Based on the changing nature of data analytics and the requirement to access large amounts of disparate data, organizations need a new approach to data access. Data warehouses provided access to structured data, and data lakes handled the unstructured and semistructured data. At this stage, it was far too difficult to access both stores as an integrated entity. A modern data stack combines the best of data warehouses and data lakes. It supports business intelligence and machine learning technologies in one platform that can store all types of data and provide it with a cloud-like, multiresource, self-service interface for data scientists. See A self-service modern data stack interface for data scientists.
This validated design offers an on-premises or co-located alternative to cloud-based modern data stacks.
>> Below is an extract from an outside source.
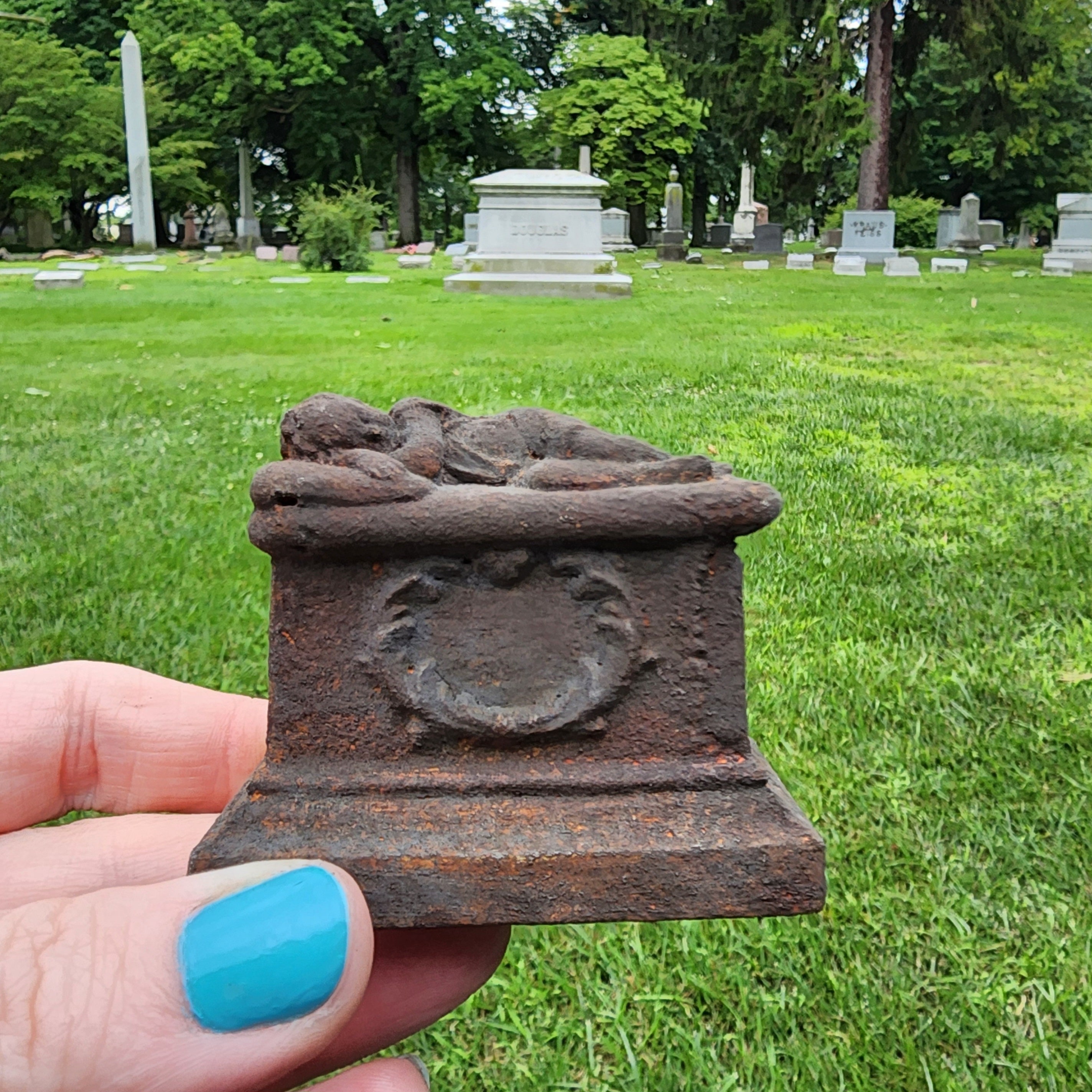 Bronze medallions available for headstones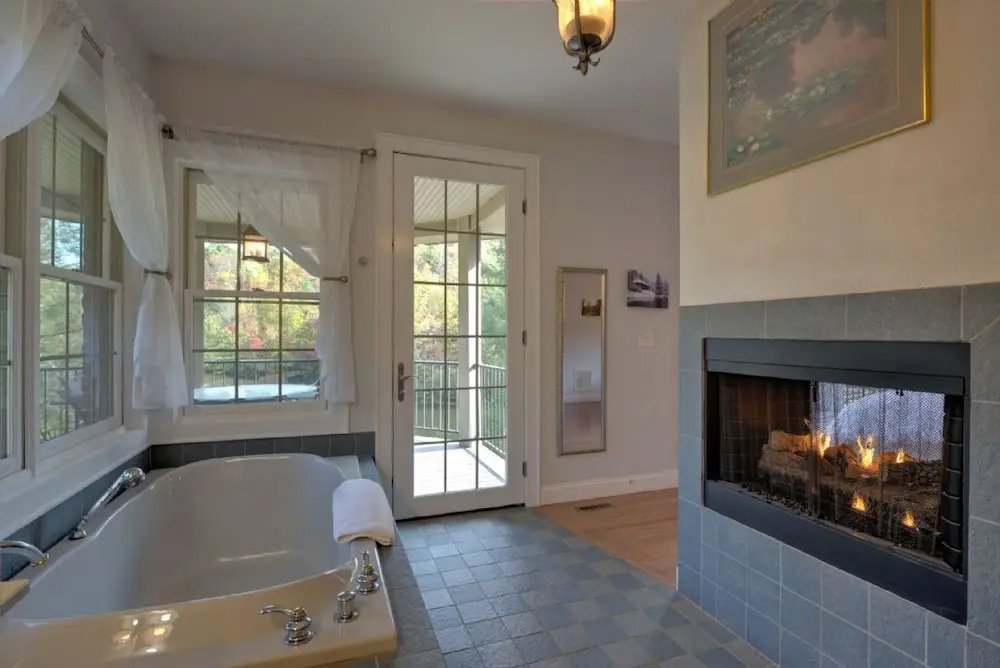 Lake Serenity - 6 Br Home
It includes Spark, Kafka, Delta Lake by Databricks, and Symcloud Platform, which provides a cloud-native, self-service, on-demand platform. The solution is built on Intel-based Dell PowerEdge servers, Dell PowerSwitch networking, and Dell PowerScale or Dell ECS storage. See The Dell Validated Design for Analytics — Modern Data Stack. It delivers the ability to organize, orchestrate and automate compute, storage, and environments for the user from a single interface. That interface speeds access to results by removing many of the hurdles that data scientists and data engineers traditionally encounter when working with infrastructure.
This open data management platform combines the flexibility, cost-efficiency, and scale of data lakes with the data management and ACID transactions of data warehouses. The platform enables business intelligence and machine learning on structured, semistructured, and unstructured data from a single source.